• PROVIDED MATERIAL:
============
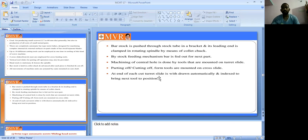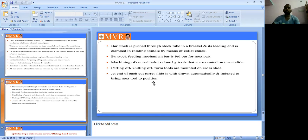At the end of each cut, the turret slide is withdrawn automatically and indexed to bring the next tool into position. When one operation is completed, the next tool is brought to position and the next operation starts immediately. This is one of the major advantages — operations complete in rapid succession.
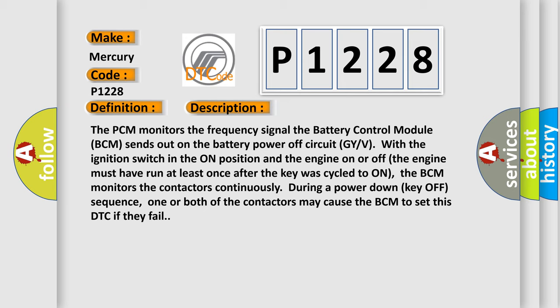The BCM monitors the contactors continuously during a power down key off sequence. One or both of the contactors may cause the BCM to set this DTC if they fail.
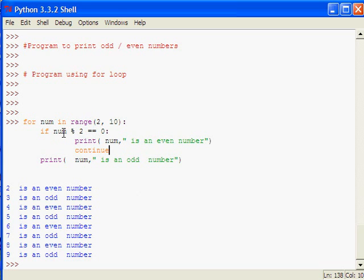You can do some more experiments with this program by changing the values, ranges, and continue statements.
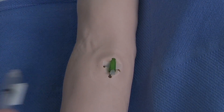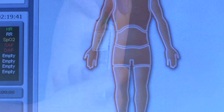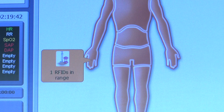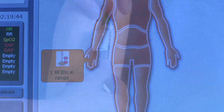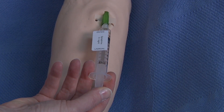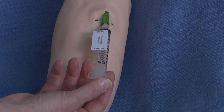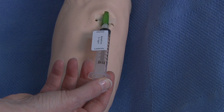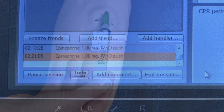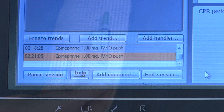One of the most innovative aspects of SimMan 3G is its automatic drug and event recognition system, whereby a radio frequency identification label on the syringe transmits which drug is used. A flow meter measures the dosage, and the mannequin provides the appropriate physiologic response.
============
• PROBLEM DETAILS: The material above is to be repeated word for word, with no images kept.

• YOUR SOLUTION:
At the end of each cut, the turret slide is withdrawn automatically and indexed to bring the next tool into position. When one operation is completed, the next tool is brought to position and the next operation starts immediately. This is one of the major advantages — operations complete in rapid succession.
The BCM monitors the contactors continuously during a power down key off sequence. One or both of the contactors may cause the BCM to set this DTC if they fail.
You can do some more experiments with this program by changing the values, ranges, and continue statements.
One of the most innovative aspects of SimMan 3G is its automatic drug and event recognition system, whereby a radio frequency identification label on the syringe transmits which drug is used. A flow meter measures the dosage, and the mannequin provides the appropriate physiologic response.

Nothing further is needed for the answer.